Arctic LNG 2 to Start Work in July: CFO
The operator of Russia's second northern LNG plant, to be called Arctic LNG-2, will start pouring the concrete for its first gravity-based liquefaction module in July, CFO of Novatek Mark Gyetvay told delegates at IP Week in London February 27.
He told NGW that while the company had not formally taken a final investment decision, it had done so "in its own mind." He added that the plan had been to take FID in the first half of the second half of the year. He did not say who would partner Novatek on the project.
Among the names mentioned as possible partners has been Saudi Aramco, whose CEO Amin Nasser told the same event that his company plans to become one of the world's top three gas companies. He did not explain how this would be achieved, but overseas operations would be a part of that plan.
One partner on Arctic LNG-2 will be French Total, which plans to take at least a 10% stake in each successive terminal project led by the Russian company. It is a shareholder in Novatek and also directly a shareholder in Yamal LNG.
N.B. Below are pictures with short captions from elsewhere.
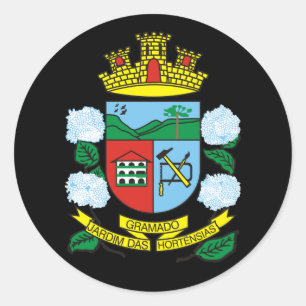 Wapenstaart van Gramado, Rio Grande do Sul (BR) Cl Ronde Sticker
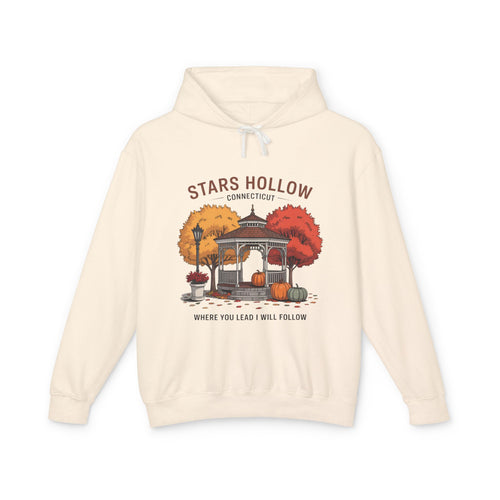 Stars Hollow Unisex Lightweight Hooded Sweatshirt, Cozy Fall Layer, Perfect Gift for Gilmore Girls Fans, Casual Weekend Wear, Stylish [...]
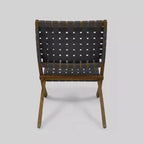 Huntsville 3pc Acacia Wood Foldable Chat Set - Brown Patina/Gray - Christopher Knight Home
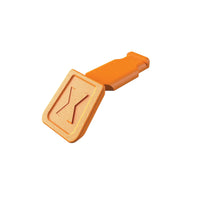 KNIPEX 00 61 10 CO ColorCode Clips Orange (10 Pieces), 122mm - 00 61 10 CO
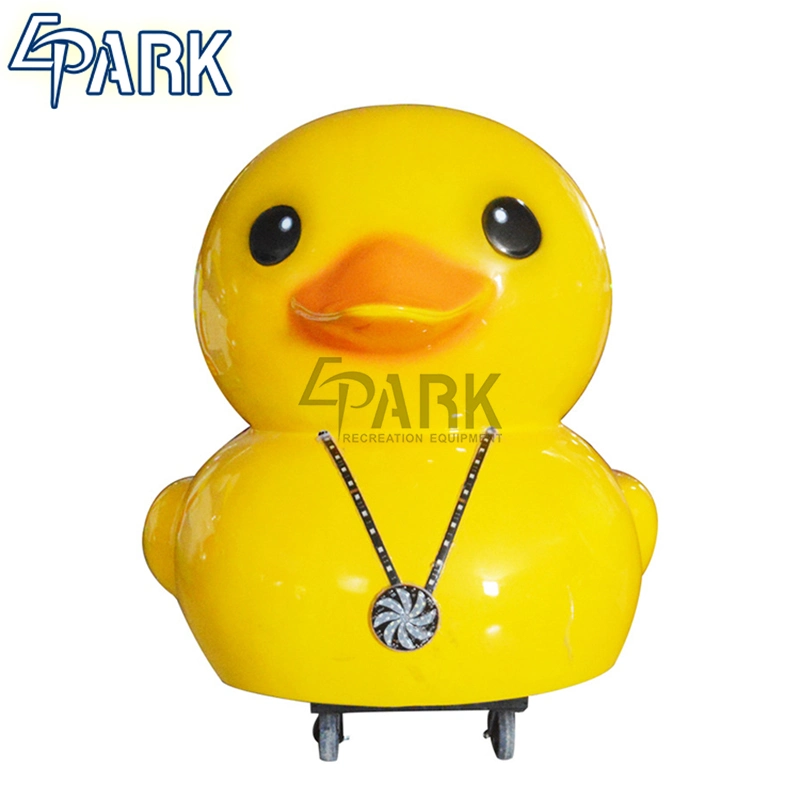 Rubber Duck Swing Car Game Machine Coin Operated Electric Rocker Seat Kids Ride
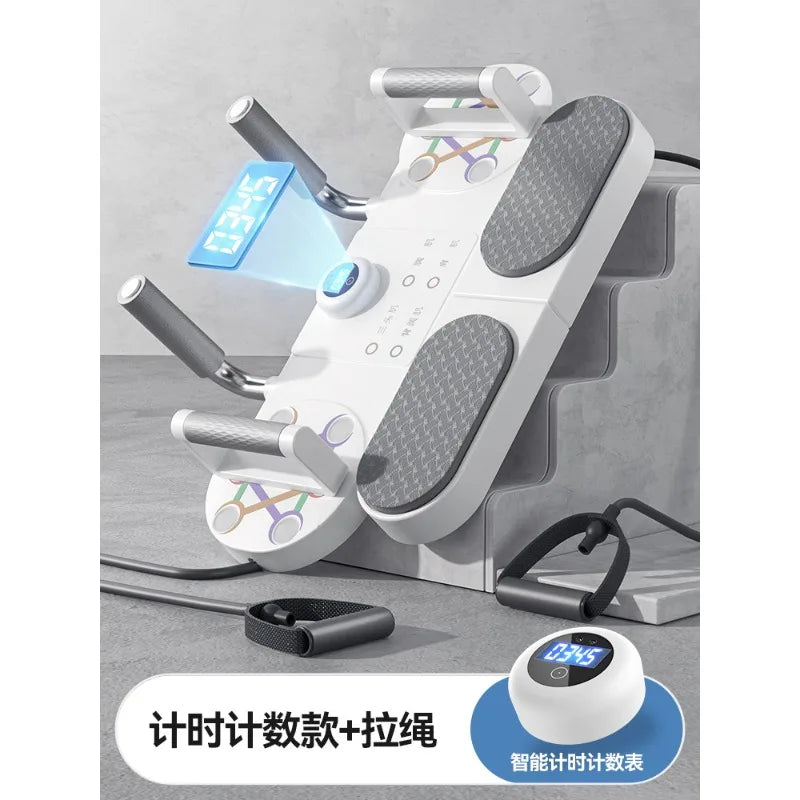 Portable Push Up Stand Board Plank Assist Tool Home Gym Exercise Chest Abdominal Muscle Trainer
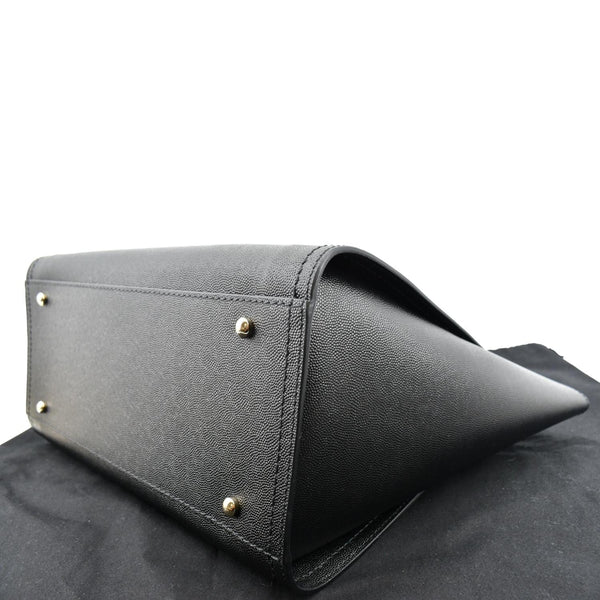 Chanel Studded Deauville Caviar Leather Tote Bag in Black - Bottom Right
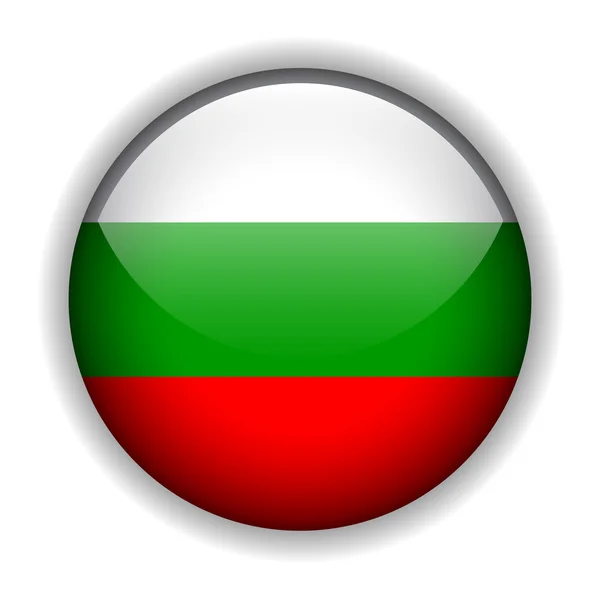 불가리아 버튼의 flag, 벡터 — 스톡 벡터
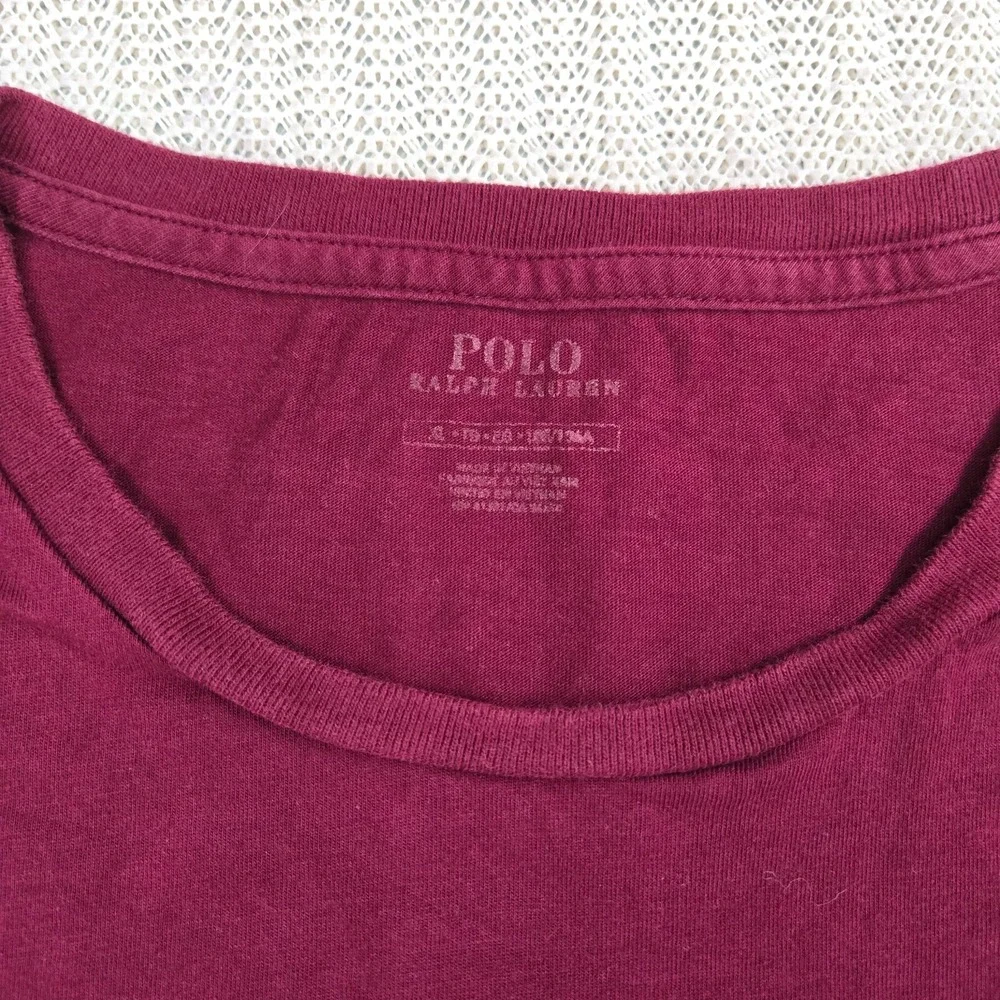 Polo Ralph Lauren Shirt Mens Extra Large Maroon Red Short Sleeve Green Pony Logo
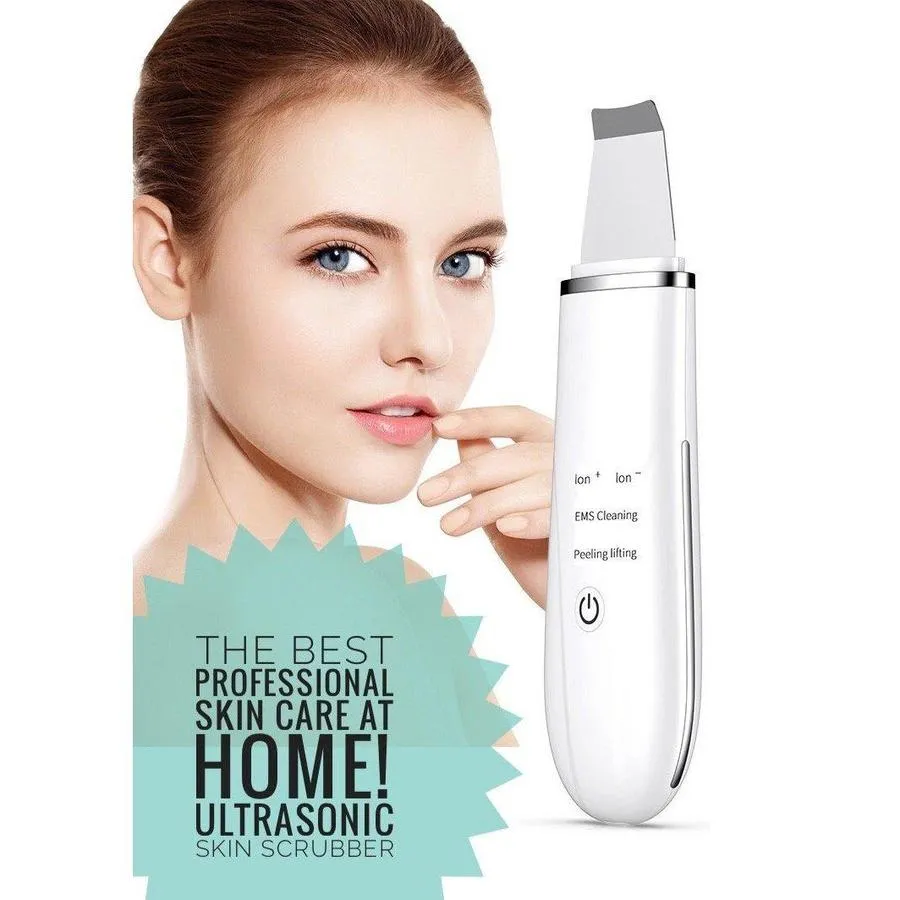 BEAUTY START  Ultrasonic Shovel Sonic Skin Scrubber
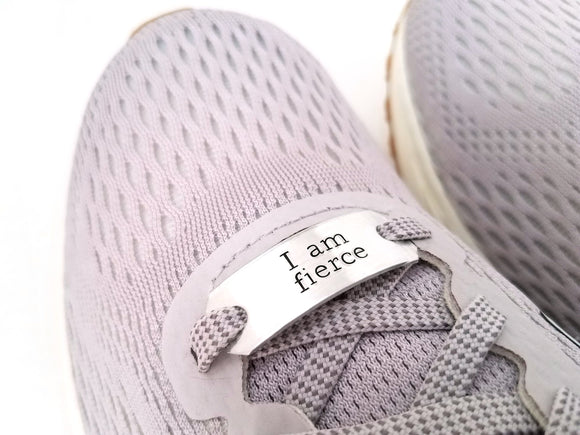 I Am Fierce I Am Strong Shoe Tags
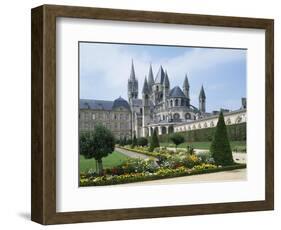 St. Stephens Christian Church, Abbaye Aux Hommes, Caen, Basse Normandie (Normandy), France-Philip Craven-Framed Photographic Print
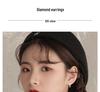 S925 Sterling Silver Diamond Ear Cuffs - 2026 Elegant Japanese Korean Style Simple Hoop Earrings for Women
Novatek, retaining 60% of the equity, will emerge as a portfolio player of growing importance as more liquefaction capacity comes on stream, Gyetvay said. If Novatek builds capacity to 70mn mt/yr by 2030 as planned, that would leave it with 42mn mt/yr to trade, depending on pre-sold volumes. The trillions of cubic metres of gas reserves discovered in the past few years could supply the plants for decades.
The 16.5mn mt/yr Yamal LNG plant came on stream earlier than expected: the first train was working at the turn of last year, and the third train in November, a year ahead of the original schedule, he said. The cold ambient temperature has improved output compared with nameplate. A fourth train of 0.9mn mt/yr is due to launch in December 2019. As of February 4, the plant had shipped 10mn mt in about 13 months.
Arctic LNG-2 will have a smaller footprint than Yamal LNG and use a gravity-based system rather than driving piles into the bedrock. It will have three trains with combined capacity of 19.8mn mt/yr.
The construction method will make it much cheaper. The company has had to focus on costs because Qatar is planning a major expansion and also has very low feedstock costs.
Gyetvay said the feedstock gas from the giant reserves in the Gydan Peninsula would cost $0.10/mn Btu, while liquefaction costs were lower than offtakers could obtain from US plants. This means LNG deliveries to Europe or Asia would be cheaper all in, than LNG free on board, Gulf of Mexico.
That is despite environmental restrictions being much tighter at Yamal, where almost no associated petroleum gas is flared. In the US flaring requests are routinely approved by the state regulator in the Permian basin, Texas, but 95% of it must be captured in Yamal, Gyetvay said. Shale gas production had been a technical success but an economic failure for many US producers, he added, and nobody knows how long it would last.
The concentration on costs will be good for the gas industry, Gyetvay said, as gas needs to grab market share from coal. He advocated long term pain on price in order to stimulate gas demand . That is the real competition to focus on, he said: gas versus coal.